Inserita nella collana dedicata al Teatro della Serie oro ideata e diretta dalla scrittrice e giornalista Anita Curci, La serva del Principe di Manlio Santanelli, edizioni Kairòs, pagg. 110, euro 15, è una drammaturgia, ironica e pungente, che si accosta a un classico, Il Principe di Niccolò Machiavelli.
Il libro, che porta la prefazione della professoressa Antonia Lezza, si suddivide in due tempi e vari quadri, e racconta in maniera fantasiosa come può essere avvenuta la stesura della celebre opera Il Principe da parte dell’autore fiorentino.
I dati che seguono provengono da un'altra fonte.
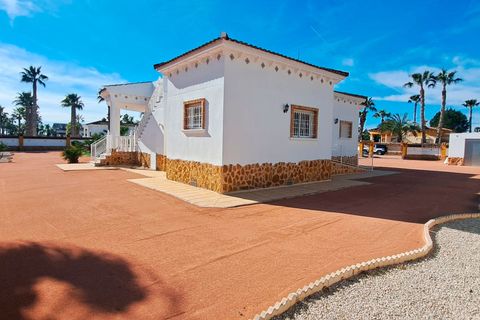 Villa i Catral, Alicante, Catral - € 440.000 | Ref: CSPX-90087 - foto 18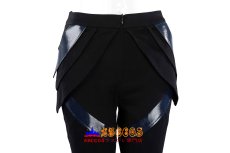 画像14: モータルコンバット 2 Mortal Kombat 2 MK2 キタナ（Kitana）コスプレ衣装 オーダーメイド可能 バラ売り可 abccos製「受注生産」 (14)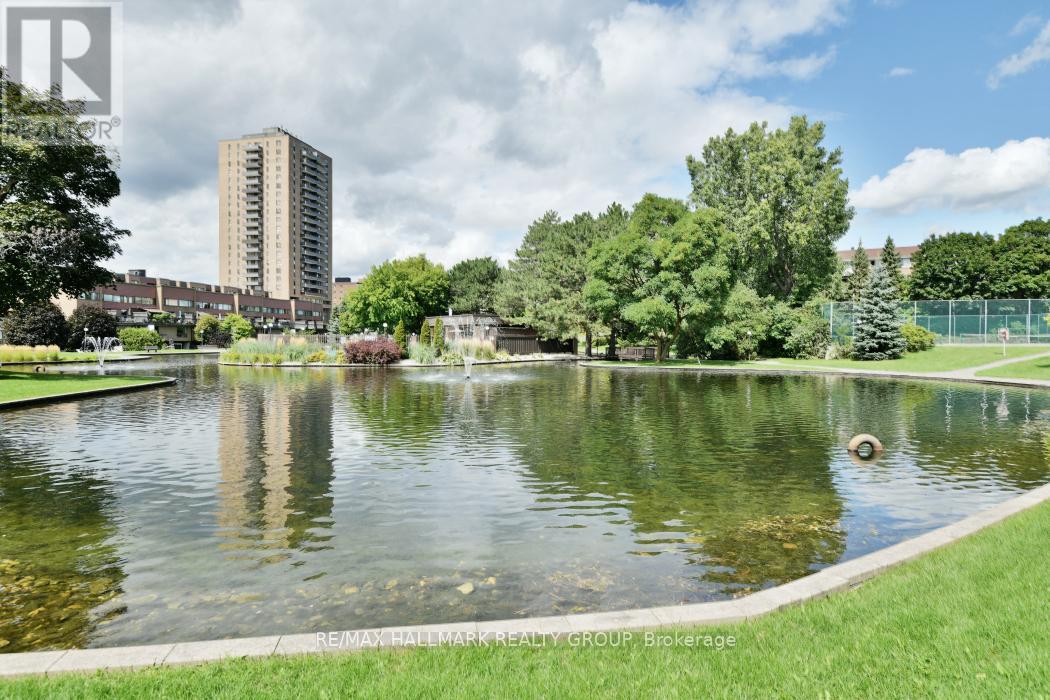 207 - 545 St Laurent Boulevard, Ottawa, Ontario  K1K 4H9 - Photo 42 - X13137230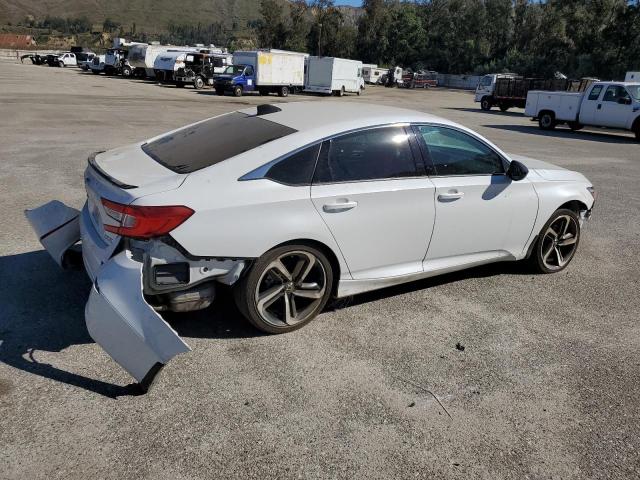 Photo 2 VIN: 1HGCV1F41NA041206 - HONDA ACCORD 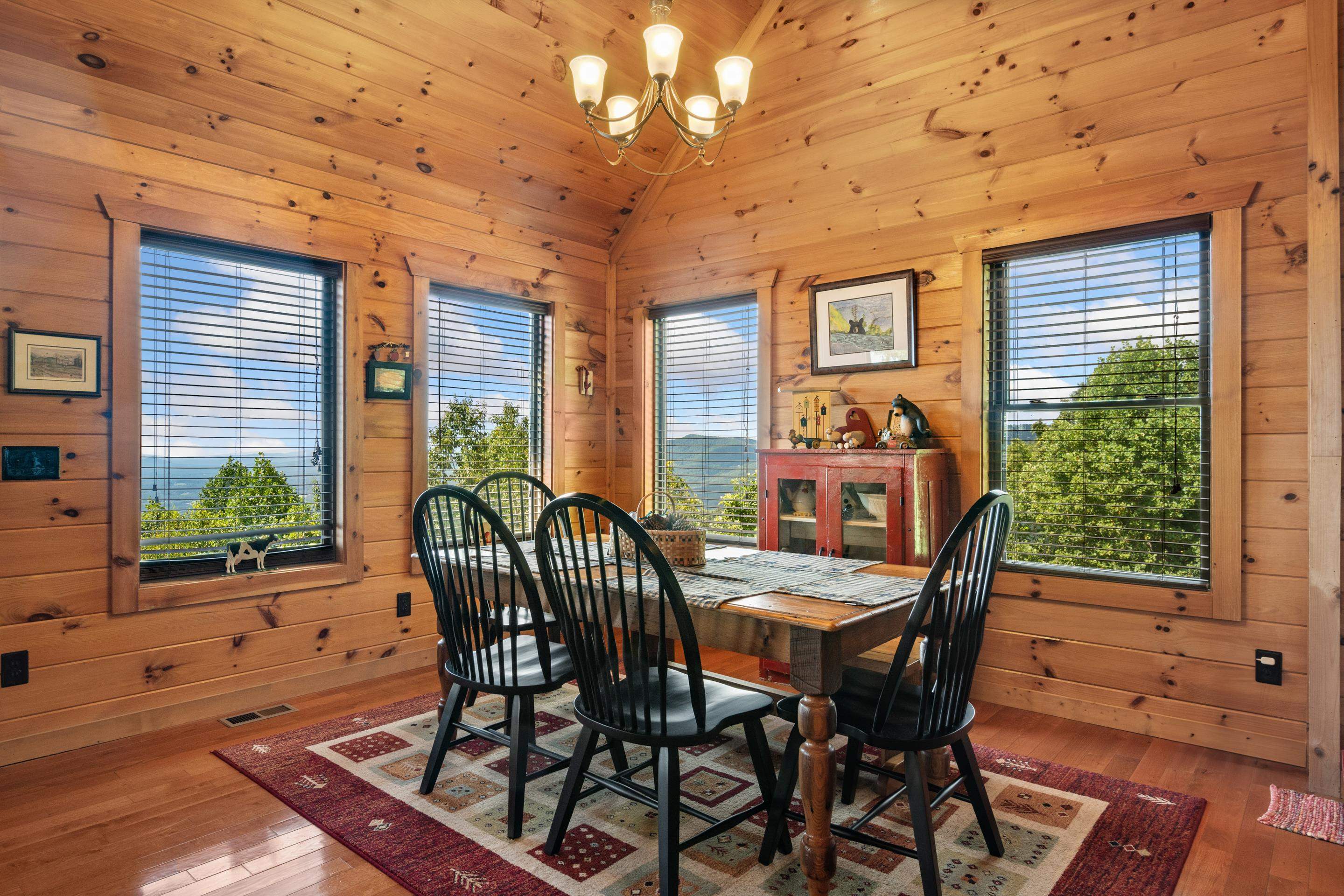 316 Reflections Point Trail Fancy Gap VA 24328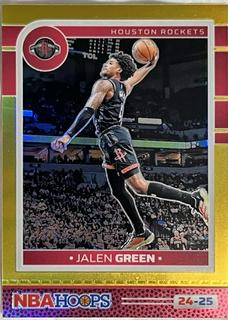 Jalen Green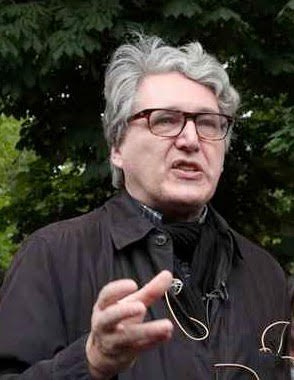 Boris Groys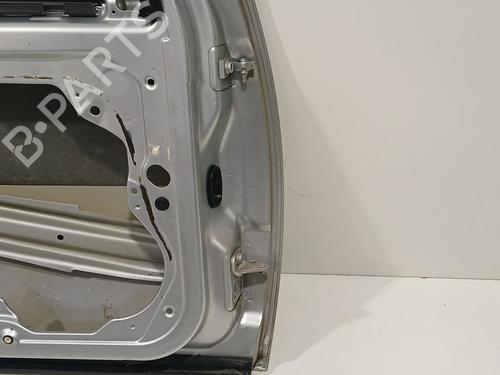 Left front door VW GOLF IV (1J1) 1.9 TDI | BP24821284C2 
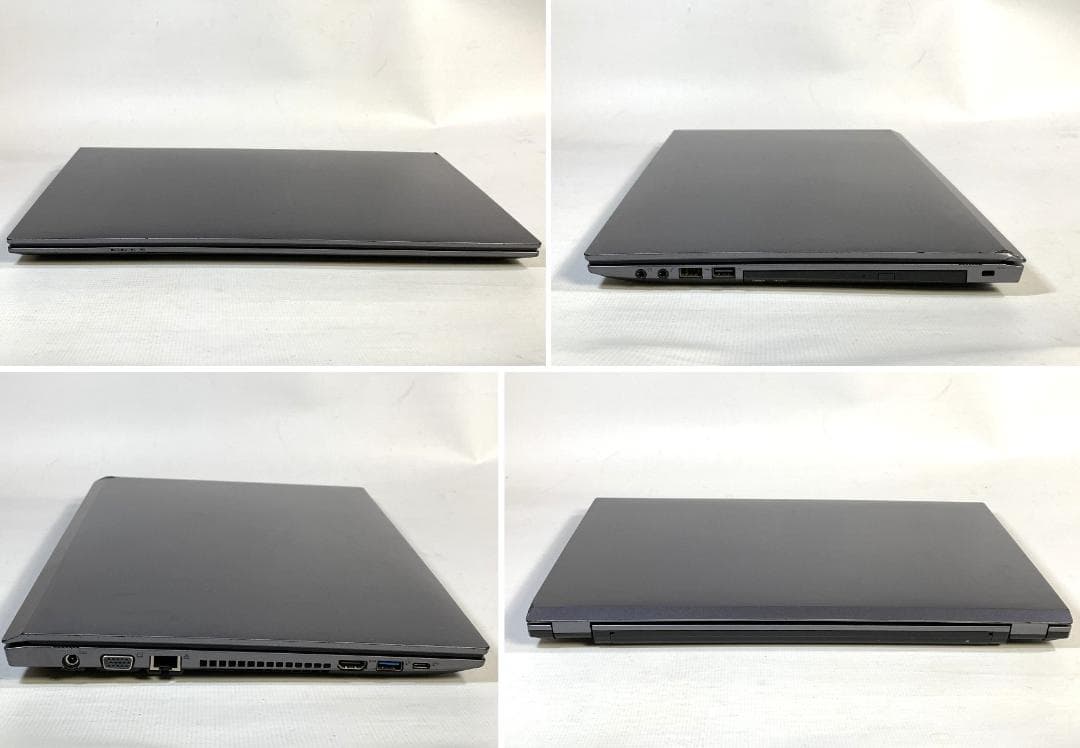 M.2+1.0TB/Windows11 Pro 24H2/i5/15.6型/NL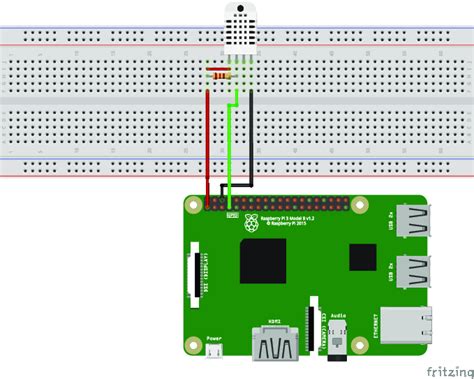 Dht22 Sensor Connection Diagram Download Scientific Diagram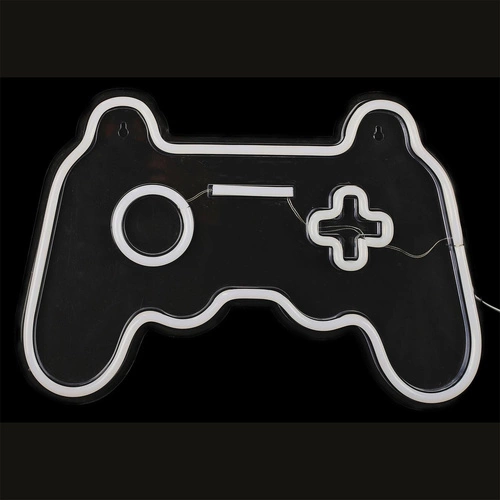 Lampa LED Joystick pro konzoli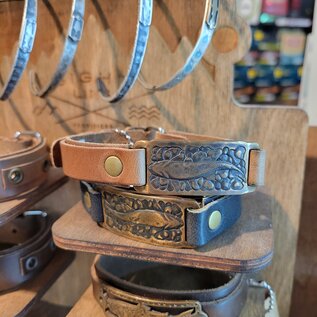 Sight Line Provisions Streamline Hilary's Cutthroat Bronze/Oyster Bamboo Collab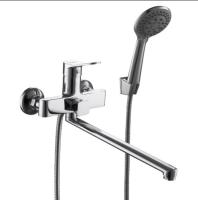 Смеситель для ванны PLSTART PD22016 одноручковый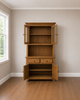 J5-Small Kitchen Hutch-Seely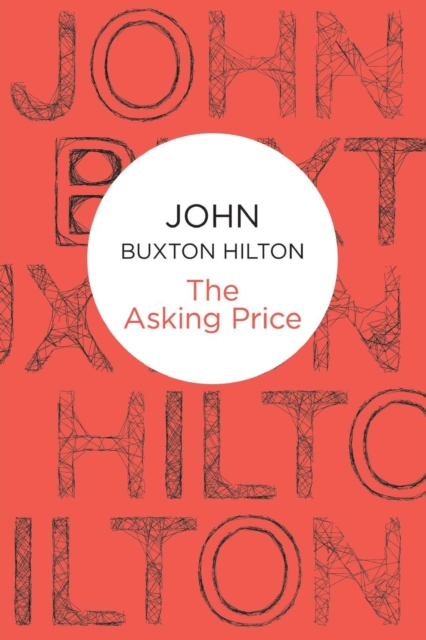 The Asking Price, Paperback / softback Book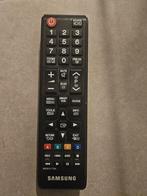 Manette d'origine Samsung, Enlèvement ou Envoi, Comme neuf, Originale, TV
L’impresa è posta in un contesto quotidiano dove la governante dello scrittore, la giovane e bella Berta, donna del popolo, saggia e sagace, con genuinità e buon senso lo aiuta e lo incoraggia nei momenti di sfiducia.
Il confronto tra Berta e il Machiavelli della pièce, racchiuso nell’ambiente circoscritto dello studio, mette in risalto quella dialettica tra governatore e popolo che è l’essenza del trattato politico stesso mettendo per certi versi in crisi, nelle pratiche ordinarie di ogni giorno, quelli che sono gli assunti teorici che Machiavelli va formalizzando nel suo testo.
Il linguaggio utilizzato è molto vicino al classico rinascimentale, eppure rimodernato, rivisitato, contaminato da quella estrosità linguistica, tipica di Santanelli, che tutti riconoscono.
A definire l’opera è proprio l’autore, Manlio Santanelli: «È difficile incontrare un’opera più ambigua del Principe di Niccolò Machiavelli. Come si spiega, infatti, che un repubblicano di idee e di militanza scriva un manuale ad uso dei potenti diretto ad ottenere e conservare il Potere? Un simile quesito se lo pose già il Foscolo ne “I Sepolcri”, e lo risolse nel seguente modo: “… temprando lo scettro a’ regnator / gli allor ne sfronda ed alle genti svela / di che lagrime grondi e di che sangue”. Anche io mi sono posto tale vexata quaestio, ma dovendo rispondere ad esigenze puramente drammaturgiche ho pensato di risolverla nel modo che segue. Ritiratosi nell’eremo di Sant’Andrea in Percussina, messer Niccolò attende alla stesura della sua opera; ma nel corso della scrittura rivela una profonda inquietudine determinata dalla consapevolezza che il trattato possa costituire uno strumento di educazione e di incoraggiamento alla conquista del potere. A stemperare tale inquietudine provvede la serva Betta. Pura espressione dell’anima popolare».
Nella prefazione, Lezza così argomenta: «Il Principe è spiegato partendo dal basso, dalle osservazioni o meglio dalle intuizioni di una donna del popolo. Santanelli, infatti, affida a Berta [la Serva] una responsabilità importante rispetto al Maestro [Machiavelli]; pertanto lei sembra anticipare, se naturalmente contestualizziamo il testo, il ruolo che il personaggio femminile assume nel teatro di Goldoni[…].
Berta è una donna saggia e cauta[…]. Sa parlare perché sa ragionare sulle cose, con semplicità e intuito femminile, ma soprattutto riesce ad esprimere le sue idee sulla corruzione della Chiesa o sul rapporto di Machiavelli con Guicciardini; inoltre è capace di suggerire al Maestro alcuni punti salienti del Trattato: “Chiudete il pensiero con…che so… “Ma nelle repubbliche è maggior vita, maggior odio, più desiderio di vendetta, né gli lascia, né può lasciare riposare, la memoria della antiqua libertà” […].
E Machiavelli risponde ammirato: “Berta, come farei mancandomi il tuo ausilio, non so. Tu sei per me il traliccio che fa vigoreggiare la vite”. Ma la cifra stilistica della Serva del Principe è riconducibile, soprattutto, alla lingua, una lingua, per così dire inventata, originale e funzionale, che denota un’attenzione e un impegno da parte dell’autore veramente singolari».